Mexican Chicken Soup
- 5 thigh uncooked boneless skinless chicken thigh(s)
- 7 cup(s) reduced-sodium chicken broth
- 4 medium uncooked carrot(s), thinly sliced on the diagonal
- 1 cup(s) uncooked jicama, peeled and diced
- 3 sprig(s) cilantro, fresh
- 2 clove(s), medium garlic clove(s), minced
- 1 medium jalapeño pepper(s), seeded and finely chopped (wear gloves to prevent irritation)
- 3 cup(s) frozen corn kernels, thawed, or fresh
- 1 medium fresh tomato(es), chopped
- 1/4 cup(s) cilantro, fresh, chopped
- 4 medium uncooked scallion(s), thinly sliced
- 20 item(s) baked low fat tortilla chips
- 1 medium fresh lime(s), cut into 6 wedges
- Put the chicken, broth, carrots, jicama, cilantro sprigs, garlic, and jalapeño pepper in a 5–6-quart slow cooker; cover and cook until chicken and vegetables are fork-tender, 4–5 hours on high or 8–10 hours on low.
- Lift the chicken from the soup and set aside until cool enough to handle. Discard the cilantro sprigs. Pull the chicken from the bones, then tear or cut the chicken into bite-size pieces.

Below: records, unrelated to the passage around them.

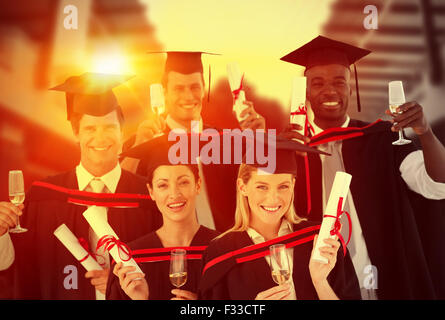 Zusammengesetztes Bild der Gruppe von Menschen, die seinem College-Abschluss Stockfoto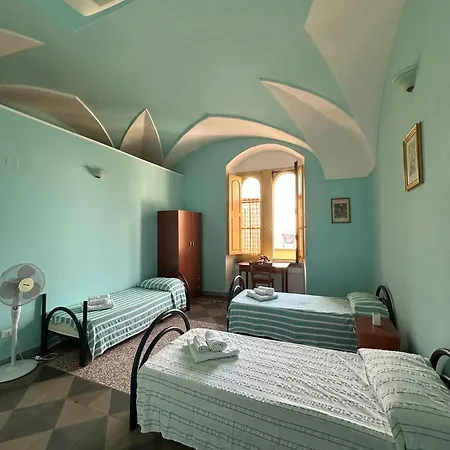 Penzion Affittacamere Sacro Cuore 3*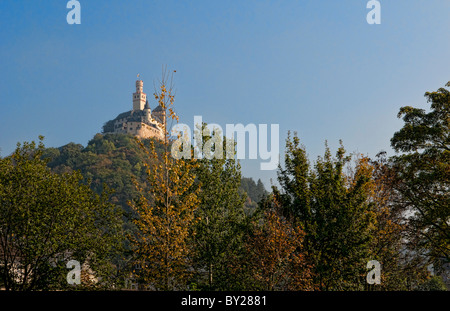 berühmte Marksburg Schloss am Berg wunderbar charmantes Dorf am Rhein River von Braubach Deutschland Stockfoto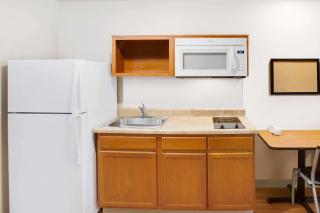 WoodSpring Suites College Station - College Station - 3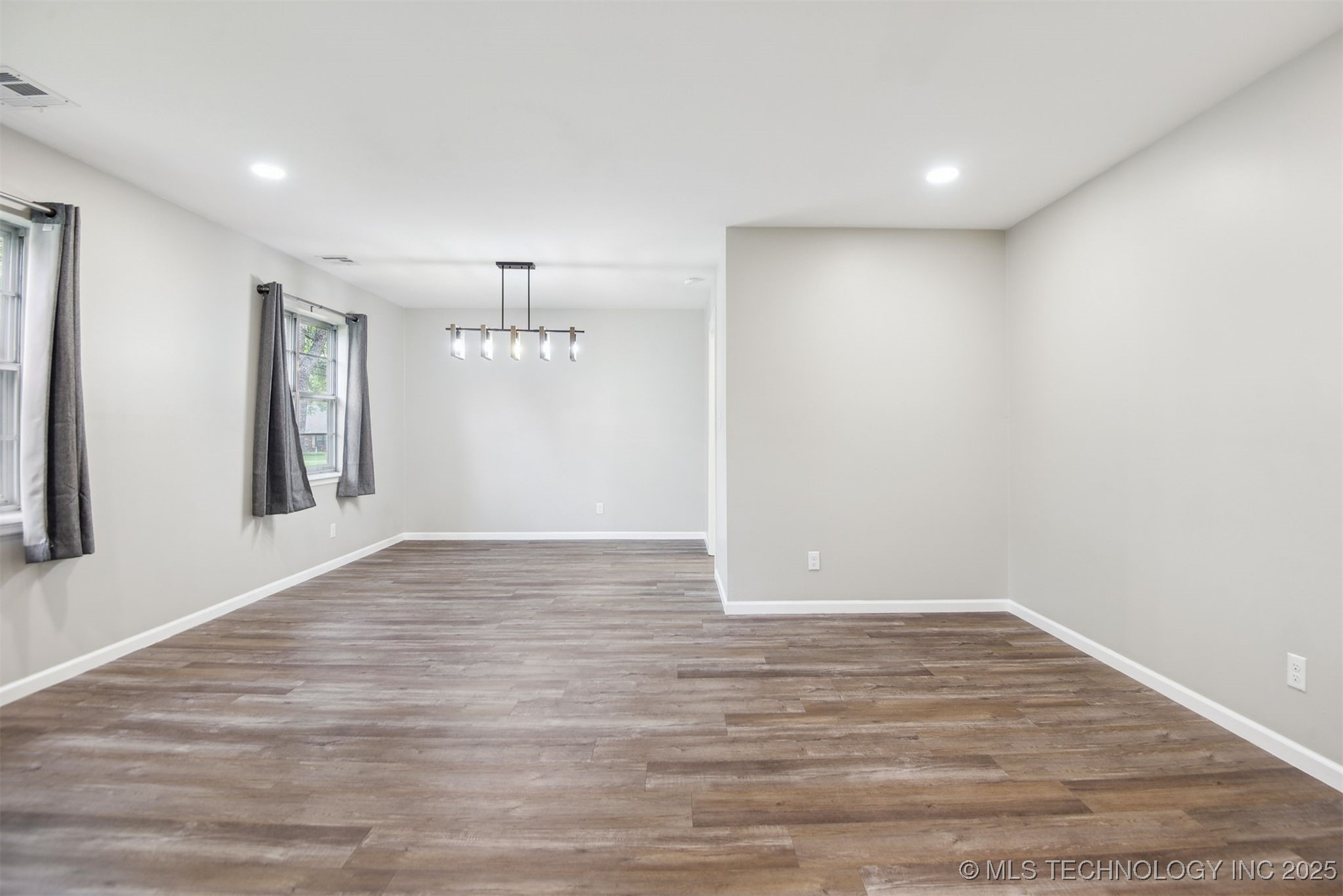 4619 S Lakewood Avenue Property Photo 13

- Meanwhile, add the corn and tomato to the slow cooker; cover and cook on high until heated through, about 20 minutes. Return the chicken to the slow cooker and add the chopped cilantro; cook on high until heated through, about 10 minutes. Serve each bowl of soup sprinkled with a few scallion slices and a few tortilla chips, with a lime wedge on the side. Yields generous 2 cups soup with 1/4 cup chips per serving.
You can quickly thaw frozen corn by putting it in a colander under cold running water for a minute. A squeeze of fresh lime juice at the table adds a nice zing to this soup. We recommend using paper towels to help get a good grip when pulling the skin from raw chicken.